Disaggregated Inference on Apple Silicon: NPU prefill and GPU decode

In this article, we introduce how to run LLMs efficiently on Apple Silicon with disaggregated inference technique.

Aug 26, 2025

Disaggregated Inference on Apple Silicon: NPU prefill and GPU decode

Contents

1. Introduction 2. Hidden Challenges Facing the ANE Too Many States Will Kill You!Make State Dimension Sizes Powers of Two Update States with Care Double-check The ANE Delegation Don’t Let The pow In Break Down SDPA for Long Sequences 3. MLX vs. Core ML: When to Use Each Benchmarks Key Takeaways 4. Yetter Inference Engine - Disaggregated Inference for Apple Silicon End-to-end Latency Comparisons Key Takeaways 5. Future Works

1. Introduction

As demand increases for running large language models (LLMs) on personal devices to improve privacy and offline use, Apple Silicon has emerged as a robust hardware platform with its unified CPU, GPU, and Neural Engine (ANE) architecture. While standard frameworks like PyTorch are compatible, fully leveraging Apple's hardware requires specialized tools like MLX and Core ML. MLX is a flexible, developer-friendly framework inspired by PyTorch and NumPy, featuring a unified memory model that closely aligns with Apple Silicon's design, enabling operations on the CPU or GPU without data transfer. However, MLX's main limitation is the lack of support for the Apple Neural Engine (ANE).

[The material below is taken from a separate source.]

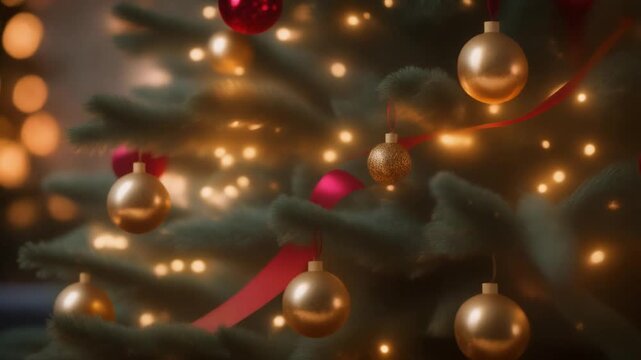 &Aacute;rbol de Navidad grande y frondoso. Est&aacute; profusamente decorado con una combinaci&oacute;n de elementos cl&aacute;sicos: Esferas (bolas) grandes y brillantes en colores rojo (reflectantes) y dorado (acabado mate).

To harness the power-efficient, high-throughput performance of the ANE, developers need to use Apple's Core ML framework. Core ML is less flexible than MLX and requires models to have fixed input shapes for ANE compatibility. The multifunction model feature is crucial for deploying language models within this constraint; it enables you to combine separate fixed-shape functions, such as one for prefill and another for decode, into a single package that shares weights, thereby keeping the model file size small. Additionally, the introduction of stateful models on iOS 18 and macOS 15 provides an efficient way to manage the key-value (KV) cache by allowing the model to maintain a persistent, updatable buffers during runtime. Together, these specialized features facilitate deploying language models on the ANE, overcoming the framework's inherent rigidity.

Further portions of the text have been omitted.